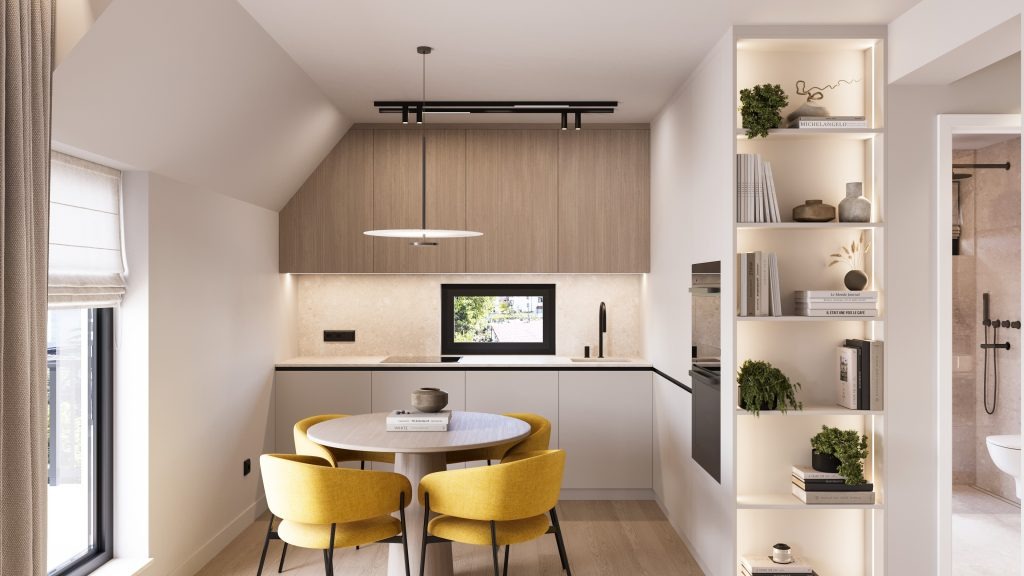 Продава 1-СТАЕН, гр. София, Сухата река, снимка 2 - Апартаменти - 53537941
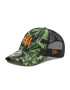 New Era Шапка с козирка Seasonal Camo 940 A Osfm 60141827 Зелен - Pepit.bg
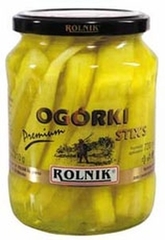 Rolnik Ogórki Rolnik stix's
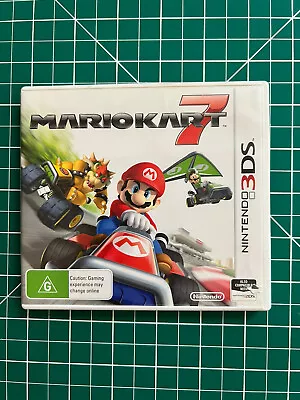 Mario Kart 7 Mariokart 7 3DS • $35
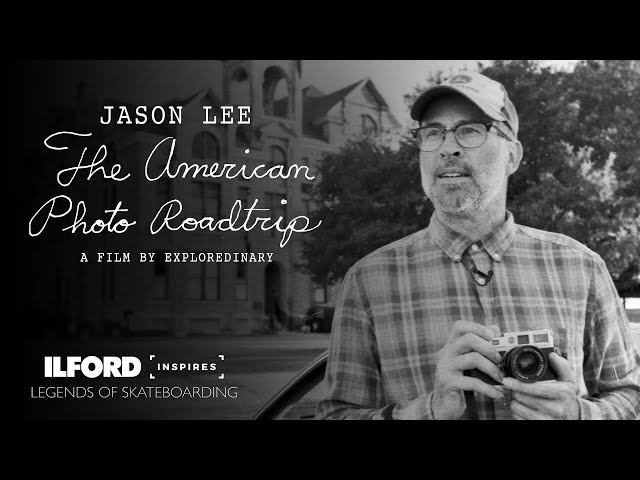 Jason Lee: The American Photo Roadtrip - An ILFORD Inspires film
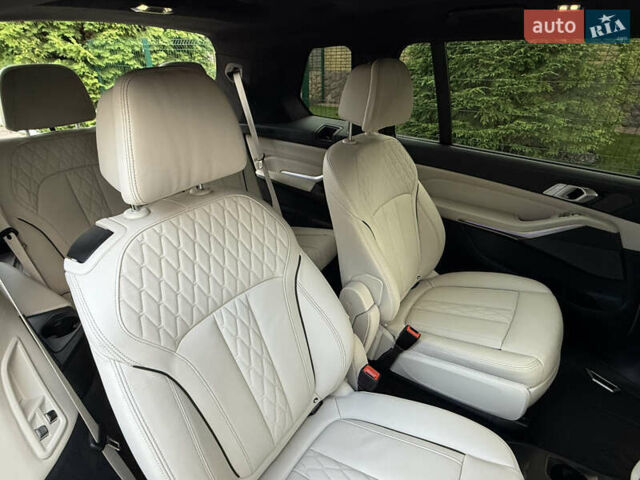 Білий БМВ X7, об'ємом двигуна 4.4 л та пробігом 89 тис. км за 76400 $, фото 73 на Automoto.ua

REQUIRED ACTION: Only the lines from the one containing "New Era Шапка" through the last line of the entries above, both included, belong in the answer, written out exactly; pictures do not.

TASK SOLUTION:
 New Era Шапка с козирка Seasonal Camo 940 A Osfm 60141827 Зелен - Pepit.bg
 Rolnik Ogórki Rolnik stix's
 Mario Kart 7 Mariokart 7 3DS • $35
 Jason Lee: The American Photo Roadtrip - An ILFORD Inspires film
 Білий БМВ X7, об'ємом двигуна 4.4 л та пробігом 89 тис. км за 76400 $, фото 73 на Automoto.ua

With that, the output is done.